[<prev] [next>] [<thread-prev] [thread-next>] [day] [month] [year] [list]
Message-ID: <CAJ+HfNjf9kZJUnD96gOhPgHKW9rGdtFfn9MFpmjaQ32JpR2MQQ@mail.gmail.com>
Date: Mon, 13 Nov 2017 22:07:47 +0900
From: Björn Töpel <bjorn.topel@...il.com>
To: Bjorn Topel <bjorn.topel@...il.com>,
"Karlsson, Magnus" <magnus.karlsson@...el.com>,
"Duyck, Alexander H" <alexander.h.duyck@...el.com>,
Alexander Duyck <alexander.duyck@...il.com>,
John Fastabend <john.fastabend@...il.com>,
Alexei Starovoitov <ast@...com>,
Jesper Dangaard Brouer <brouer@...hat.com>,
michael.lundkvist@...csson.com, ravineet.singh@...csson.com,
Daniel Borkmann <daniel@...earbox.net>,
Netdev <netdev@...r.kernel.org>,
Willem de Bruijn <willemdebruijn.kernel@...il.com>,
Tushar Dave <tushar.n.dave@...cle.com>, eric.dumazet@...il.com
Cc: Björn Töpel <bjorn.topel@...el.com>,
jesse.brandeburg@...el.com, anjali.singhai@...el.com,
rami.rosen@...el.com, jeffrey.b.shaw@...el.com,
ferruh.yigit@...el.com, qi.z.zhang@...el.com, davem@...emloft.net
Subject: Re: [RFC PATCH 00/14] Introducing AF_PACKET V4 support
2017-10-31 13:41 GMT+01:00 Björn Töpel <bjorn.topel@...il.com>:
> From: Björn Töpel <bjorn.topel@...el.com>
>
[...]
>
> We'll do a presentation on AF_PACKET V4 in NetDev 2.2 [1] Seoul,
> Korea, and our paper with complete benchmarks will be released shortly
> on the NetDev 2.2 site.
>
We're back in the saddle after an excellent netdevconf week. Kudos to
the organizers; We had a blast! Thanks for all the constructive
feedback.
I'll summarize the major points, that we'll address in the next RFC
below.
* Instead of extending AF_PACKET with yet another version, introduce a
new address/packet family. As for naming had some name suggestions:
AF_CAPTURE, AF_CHANNEL, AF_XDP and AF_ZEROCOPY. We'll go for
AF_ZEROCOPY, unless there're no strong opinions against it.

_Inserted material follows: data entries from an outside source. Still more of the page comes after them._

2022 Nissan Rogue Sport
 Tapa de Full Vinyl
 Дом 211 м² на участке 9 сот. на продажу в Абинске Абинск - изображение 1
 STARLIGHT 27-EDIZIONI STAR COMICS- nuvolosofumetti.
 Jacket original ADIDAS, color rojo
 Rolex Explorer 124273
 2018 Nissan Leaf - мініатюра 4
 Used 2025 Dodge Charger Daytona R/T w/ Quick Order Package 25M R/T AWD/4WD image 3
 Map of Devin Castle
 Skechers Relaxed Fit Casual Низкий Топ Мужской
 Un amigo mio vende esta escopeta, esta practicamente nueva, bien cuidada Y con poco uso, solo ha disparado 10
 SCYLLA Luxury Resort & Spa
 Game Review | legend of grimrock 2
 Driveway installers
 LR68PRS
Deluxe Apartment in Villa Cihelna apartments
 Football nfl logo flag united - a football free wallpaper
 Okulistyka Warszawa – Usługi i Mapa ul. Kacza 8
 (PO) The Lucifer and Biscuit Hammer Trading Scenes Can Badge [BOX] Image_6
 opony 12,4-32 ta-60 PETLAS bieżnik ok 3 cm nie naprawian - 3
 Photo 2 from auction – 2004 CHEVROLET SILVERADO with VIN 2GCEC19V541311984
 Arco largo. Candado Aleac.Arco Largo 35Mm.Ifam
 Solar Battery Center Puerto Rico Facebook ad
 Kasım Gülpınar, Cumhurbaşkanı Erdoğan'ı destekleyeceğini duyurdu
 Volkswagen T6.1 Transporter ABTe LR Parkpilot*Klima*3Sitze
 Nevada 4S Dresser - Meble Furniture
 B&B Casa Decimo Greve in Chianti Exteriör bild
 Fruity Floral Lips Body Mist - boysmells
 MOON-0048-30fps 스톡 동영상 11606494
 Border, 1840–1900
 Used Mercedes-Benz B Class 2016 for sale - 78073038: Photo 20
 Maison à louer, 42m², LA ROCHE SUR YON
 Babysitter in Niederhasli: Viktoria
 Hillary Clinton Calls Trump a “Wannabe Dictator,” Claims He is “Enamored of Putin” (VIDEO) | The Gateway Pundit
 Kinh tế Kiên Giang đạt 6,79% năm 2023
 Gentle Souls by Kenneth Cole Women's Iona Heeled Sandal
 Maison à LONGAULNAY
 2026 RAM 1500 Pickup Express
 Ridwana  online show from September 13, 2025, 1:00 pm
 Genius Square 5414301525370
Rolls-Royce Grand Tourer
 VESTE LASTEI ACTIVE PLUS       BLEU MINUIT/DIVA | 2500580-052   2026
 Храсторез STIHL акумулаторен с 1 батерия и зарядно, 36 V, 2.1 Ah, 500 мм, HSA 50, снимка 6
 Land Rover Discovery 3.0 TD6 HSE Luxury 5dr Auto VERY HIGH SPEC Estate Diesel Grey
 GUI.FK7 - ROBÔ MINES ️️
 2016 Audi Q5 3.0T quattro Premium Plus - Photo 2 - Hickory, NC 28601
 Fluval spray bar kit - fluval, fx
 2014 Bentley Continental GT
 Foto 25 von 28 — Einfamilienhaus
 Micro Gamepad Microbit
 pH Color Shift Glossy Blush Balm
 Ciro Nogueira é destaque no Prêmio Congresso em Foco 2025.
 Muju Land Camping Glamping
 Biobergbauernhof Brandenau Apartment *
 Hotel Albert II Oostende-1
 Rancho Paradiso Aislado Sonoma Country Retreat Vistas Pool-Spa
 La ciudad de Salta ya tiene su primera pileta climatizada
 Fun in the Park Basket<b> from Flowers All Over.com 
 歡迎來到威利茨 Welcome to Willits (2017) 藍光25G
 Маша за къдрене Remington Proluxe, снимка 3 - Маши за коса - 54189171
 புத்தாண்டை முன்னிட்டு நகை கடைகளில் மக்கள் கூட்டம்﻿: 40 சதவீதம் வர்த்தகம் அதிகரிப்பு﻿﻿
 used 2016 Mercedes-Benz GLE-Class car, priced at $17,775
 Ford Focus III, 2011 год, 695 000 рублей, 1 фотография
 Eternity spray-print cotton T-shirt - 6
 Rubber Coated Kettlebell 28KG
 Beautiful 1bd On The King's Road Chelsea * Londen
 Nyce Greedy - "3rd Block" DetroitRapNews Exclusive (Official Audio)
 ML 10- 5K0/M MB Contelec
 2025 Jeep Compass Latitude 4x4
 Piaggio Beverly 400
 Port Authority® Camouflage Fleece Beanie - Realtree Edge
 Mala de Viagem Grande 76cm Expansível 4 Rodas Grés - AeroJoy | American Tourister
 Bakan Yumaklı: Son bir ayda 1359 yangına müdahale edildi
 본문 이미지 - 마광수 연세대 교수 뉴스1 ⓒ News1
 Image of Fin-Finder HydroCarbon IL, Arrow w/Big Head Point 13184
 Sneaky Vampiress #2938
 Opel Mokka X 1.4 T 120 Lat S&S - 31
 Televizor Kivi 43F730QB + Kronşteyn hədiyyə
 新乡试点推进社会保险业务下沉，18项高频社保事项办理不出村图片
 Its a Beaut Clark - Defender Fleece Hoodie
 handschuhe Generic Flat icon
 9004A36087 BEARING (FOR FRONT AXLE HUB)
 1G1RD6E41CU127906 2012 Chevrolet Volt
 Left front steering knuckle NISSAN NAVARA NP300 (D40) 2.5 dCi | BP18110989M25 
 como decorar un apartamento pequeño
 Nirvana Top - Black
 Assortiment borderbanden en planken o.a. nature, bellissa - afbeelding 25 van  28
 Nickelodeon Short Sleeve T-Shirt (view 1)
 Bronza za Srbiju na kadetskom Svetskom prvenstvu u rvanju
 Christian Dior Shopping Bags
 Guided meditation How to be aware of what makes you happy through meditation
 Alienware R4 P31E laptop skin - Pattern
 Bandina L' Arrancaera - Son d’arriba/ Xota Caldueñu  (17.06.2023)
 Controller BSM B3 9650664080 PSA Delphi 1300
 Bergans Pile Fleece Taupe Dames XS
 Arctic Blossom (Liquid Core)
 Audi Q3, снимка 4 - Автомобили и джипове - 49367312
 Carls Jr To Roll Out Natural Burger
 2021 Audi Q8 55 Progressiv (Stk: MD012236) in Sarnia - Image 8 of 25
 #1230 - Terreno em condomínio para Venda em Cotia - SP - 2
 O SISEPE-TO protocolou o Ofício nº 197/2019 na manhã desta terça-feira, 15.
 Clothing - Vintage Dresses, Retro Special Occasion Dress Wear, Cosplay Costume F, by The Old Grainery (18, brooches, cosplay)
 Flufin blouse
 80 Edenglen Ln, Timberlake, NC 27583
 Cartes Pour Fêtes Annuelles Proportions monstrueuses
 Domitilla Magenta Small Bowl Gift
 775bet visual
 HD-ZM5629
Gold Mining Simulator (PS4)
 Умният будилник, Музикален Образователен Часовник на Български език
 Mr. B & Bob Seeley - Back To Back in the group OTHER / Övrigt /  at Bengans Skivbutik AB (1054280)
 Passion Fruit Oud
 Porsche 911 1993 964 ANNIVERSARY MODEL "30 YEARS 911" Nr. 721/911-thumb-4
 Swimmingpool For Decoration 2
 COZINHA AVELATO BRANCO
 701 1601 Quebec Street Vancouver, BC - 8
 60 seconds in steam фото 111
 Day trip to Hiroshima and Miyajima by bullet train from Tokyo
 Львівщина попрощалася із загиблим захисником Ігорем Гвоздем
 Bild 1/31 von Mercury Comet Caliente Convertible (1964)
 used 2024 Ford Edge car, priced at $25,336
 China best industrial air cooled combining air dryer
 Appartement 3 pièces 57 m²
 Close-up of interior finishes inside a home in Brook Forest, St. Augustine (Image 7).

* No explicit zerocopy enablement. Use the zeropcopy path if
supported, if not -- fallback to the skb path, for netdevs that
don't support the required ndos. Further, we'll have the zerocopy
behavior for the skb path as well, meaning that an AF_ZEROCOPY
socket will consume the skb and we'll honor skb->queue_mapping,
meaning that we only consume the packets for the enabled queue.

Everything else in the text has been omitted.